Problem description: Copy out all the entries below, word for word.

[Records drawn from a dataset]
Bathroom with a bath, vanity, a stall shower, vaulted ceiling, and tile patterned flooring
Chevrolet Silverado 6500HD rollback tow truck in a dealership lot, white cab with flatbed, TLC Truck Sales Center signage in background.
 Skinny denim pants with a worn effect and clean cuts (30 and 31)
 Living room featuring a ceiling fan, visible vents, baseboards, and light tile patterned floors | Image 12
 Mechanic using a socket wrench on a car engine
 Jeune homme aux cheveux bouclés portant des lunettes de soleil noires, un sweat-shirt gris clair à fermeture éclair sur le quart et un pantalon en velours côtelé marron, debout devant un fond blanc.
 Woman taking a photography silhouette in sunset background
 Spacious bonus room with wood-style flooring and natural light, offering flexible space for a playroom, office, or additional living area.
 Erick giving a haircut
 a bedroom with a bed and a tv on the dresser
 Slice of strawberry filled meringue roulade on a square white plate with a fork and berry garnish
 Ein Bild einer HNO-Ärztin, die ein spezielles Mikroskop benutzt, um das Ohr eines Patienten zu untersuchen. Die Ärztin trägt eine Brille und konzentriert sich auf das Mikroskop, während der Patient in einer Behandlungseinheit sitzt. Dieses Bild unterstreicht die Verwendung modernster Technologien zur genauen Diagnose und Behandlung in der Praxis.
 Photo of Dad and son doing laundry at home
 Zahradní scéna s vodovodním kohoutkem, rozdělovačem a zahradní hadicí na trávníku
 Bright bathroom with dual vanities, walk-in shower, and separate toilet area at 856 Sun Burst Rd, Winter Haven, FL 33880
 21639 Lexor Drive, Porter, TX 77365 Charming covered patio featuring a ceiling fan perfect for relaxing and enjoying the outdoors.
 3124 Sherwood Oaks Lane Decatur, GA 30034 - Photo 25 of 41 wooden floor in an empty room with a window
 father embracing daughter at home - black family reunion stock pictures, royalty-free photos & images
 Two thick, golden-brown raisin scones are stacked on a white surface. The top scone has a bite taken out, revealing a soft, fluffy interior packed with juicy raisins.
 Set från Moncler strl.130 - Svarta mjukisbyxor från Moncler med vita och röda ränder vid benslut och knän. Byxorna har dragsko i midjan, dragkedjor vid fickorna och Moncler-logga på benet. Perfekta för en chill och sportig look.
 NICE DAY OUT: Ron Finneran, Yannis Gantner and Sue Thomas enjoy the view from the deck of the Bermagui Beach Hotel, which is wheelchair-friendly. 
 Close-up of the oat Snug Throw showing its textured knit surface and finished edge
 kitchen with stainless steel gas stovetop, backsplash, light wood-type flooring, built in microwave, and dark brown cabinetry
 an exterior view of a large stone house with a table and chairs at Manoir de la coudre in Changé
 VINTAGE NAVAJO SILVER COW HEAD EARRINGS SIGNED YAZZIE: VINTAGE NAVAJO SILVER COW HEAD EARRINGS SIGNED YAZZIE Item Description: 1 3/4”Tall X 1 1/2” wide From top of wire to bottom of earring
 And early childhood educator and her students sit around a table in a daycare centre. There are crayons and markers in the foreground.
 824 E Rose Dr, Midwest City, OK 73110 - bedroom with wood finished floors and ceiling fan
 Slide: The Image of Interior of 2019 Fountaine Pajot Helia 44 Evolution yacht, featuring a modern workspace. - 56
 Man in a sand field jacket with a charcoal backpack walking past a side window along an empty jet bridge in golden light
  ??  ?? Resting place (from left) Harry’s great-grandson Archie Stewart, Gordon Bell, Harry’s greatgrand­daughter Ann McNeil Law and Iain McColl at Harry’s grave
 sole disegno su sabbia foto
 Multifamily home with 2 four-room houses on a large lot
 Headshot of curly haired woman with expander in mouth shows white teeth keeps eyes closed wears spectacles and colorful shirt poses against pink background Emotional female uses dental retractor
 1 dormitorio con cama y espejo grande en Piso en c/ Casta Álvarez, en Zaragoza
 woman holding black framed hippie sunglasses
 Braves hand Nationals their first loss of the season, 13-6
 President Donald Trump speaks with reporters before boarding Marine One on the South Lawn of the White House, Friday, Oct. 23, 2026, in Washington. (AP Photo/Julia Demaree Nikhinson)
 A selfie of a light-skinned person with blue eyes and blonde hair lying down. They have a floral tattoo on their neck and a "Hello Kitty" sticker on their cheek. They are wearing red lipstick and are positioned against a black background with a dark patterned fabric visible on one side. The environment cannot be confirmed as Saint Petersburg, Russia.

Task response:
Bathroom with a bath, vanity, a stall shower, vaulted ceiling, and tile patterned flooring
Chevrolet Silverado 6500HD rollback tow truck in a dealership lot, white cab with flatbed, TLC Truck Sales Center signage in background.
 Skinny denim pants with a worn effect and clean cuts (30 and 31)
 Living room featuring a ceiling fan, visible vents, baseboards, and light tile patterned floors | Image 12
 Mechanic using a socket wrench on a car engine
 Jeune homme aux cheveux bouclés portant des lunettes de soleil noires, un sweat-shirt gris clair à fermeture éclair sur le quart et un pantalon en velours côtelé marron, debout devant un fond blanc.
 Woman taking a photography silhouette in sunset background
 Spacious bonus room with wood-style flooring and natural light, offering flexible space for a playroom, office, or additional living area.
 Erick giving a haircut
 a bedroom with a bed and a tv on the dresser
 Slice of strawberry filled meringue roulade on a square white plate with a fork and berry garnish
 Ein Bild einer HNO-Ärztin, die ein spezielles Mikroskop benutzt, um das Ohr eines Patienten zu untersuchen. Die Ärztin trägt eine Brille und konzentriert sich auf das Mikroskop, während der Patient in einer Behandlungseinheit sitzt. Dieses Bild unterstreicht die Verwendung modernster Technologien zur genauen Diagnose und Behandlung in der Praxis.
 Photo of Dad and son doing laundry at home
 Zahradní scéna s vodovodním kohoutkem, rozdělovačem a zahradní hadicí na trávníku
 Bright bathroom with dual vanities, walk-in shower, and separate toilet area at 856 Sun Burst Rd, Winter Haven, FL 33880
 21639 Lexor Drive, Porter, TX 77365 Charming covered patio featuring a ceiling fan perfect for relaxing and enjoying the outdoors.
 3124 Sherwood Oaks Lane Decatur, GA 30034 - Photo 25 of 41 wooden floor in an empty room with a window
 father embracing daughter at home - black family reunion stock pictures, royalty-free photos & images
 Two thick, golden-brown raisin scones are stacked on a white surface. The top scone has a bite taken out, revealing a soft, fluffy interior packed with juicy raisins.
 Set från Moncler strl.130 - Svarta mjukisbyxor från Moncler med vita och röda ränder vid benslut och knän. Byxorna har dragsko i midjan, dragkedjor vid fickorna och Moncler-logga på benet. Perfekta för en chill och sportig look.
 NICE DAY OUT: Ron Finneran, Yannis Gantner and Sue Thomas enjoy the view from the deck of the Bermagui Beach Hotel, which is wheelchair-friendly. 
 Close-up of the oat Snug Throw showing its textured knit surface and finished edge
 kitchen with stainless steel gas stovetop, backsplash, light wood-type flooring, built in microwave, and dark brown cabinetry
 an exterior view of a large stone house with a table and chairs at Manoir de la coudre in Changé
 VINTAGE NAVAJO SILVER COW HEAD EARRINGS SIGNED YAZZIE: VINTAGE NAVAJO SILVER COW HEAD EARRINGS SIGNED YAZZIE Item Description: 1 3/4”Tall X 1 1/2” wide From top of wire to bottom of earring
 And early childhood educator and her students sit around a table in a daycare centre. There are crayons and markers in the foreground.
 824 E Rose Dr, Midwest City, OK 73110 - bedroom with wood finished floors and ceiling fan
 Slide: The Image of Interior of 2019 Fountaine Pajot Helia 44 Evolution yacht, featuring a modern workspace. - 56
 Man in a sand field jacket with a charcoal backpack walking past a side window along an empty jet bridge in golden light
  ??  ?? Resting place (from left) Harry’s great-grandson Archie Stewart, Gordon Bell, Harry’s greatgrand­daughter Ann McNeil Law and Iain McColl at Harry’s grave
 sole disegno su sabbia foto
 Multifamily home with 2 four-room houses on a large lot
 Headshot of curly haired woman with expander in mouth shows white teeth keeps eyes closed wears spectacles and colorful shirt poses against pink background Emotional female uses dental retractor
 1 dormitorio con cama y espejo grande en Piso en c/ Casta Álvarez, en Zaragoza
 woman holding black framed hippie sunglasses
 Braves hand Nationals their first loss of the season, 13-6
 President Donald Trump speaks with reporters before boarding Marine One on the South Lawn of the White House, Friday, Oct. 23, 2026, in Washington. (AP Photo/Julia Demaree Nikhinson)
 A selfie of a light-skinned person with blue eyes and blonde hair lying down. They have a floral tattoo on their neck and a "Hello Kitty" sticker on their cheek. They are wearing red lipstick and are positioned against a black background with a dark patterned fabric visible on one side. The environment cannot be confirmed as Saint Petersburg, Russia.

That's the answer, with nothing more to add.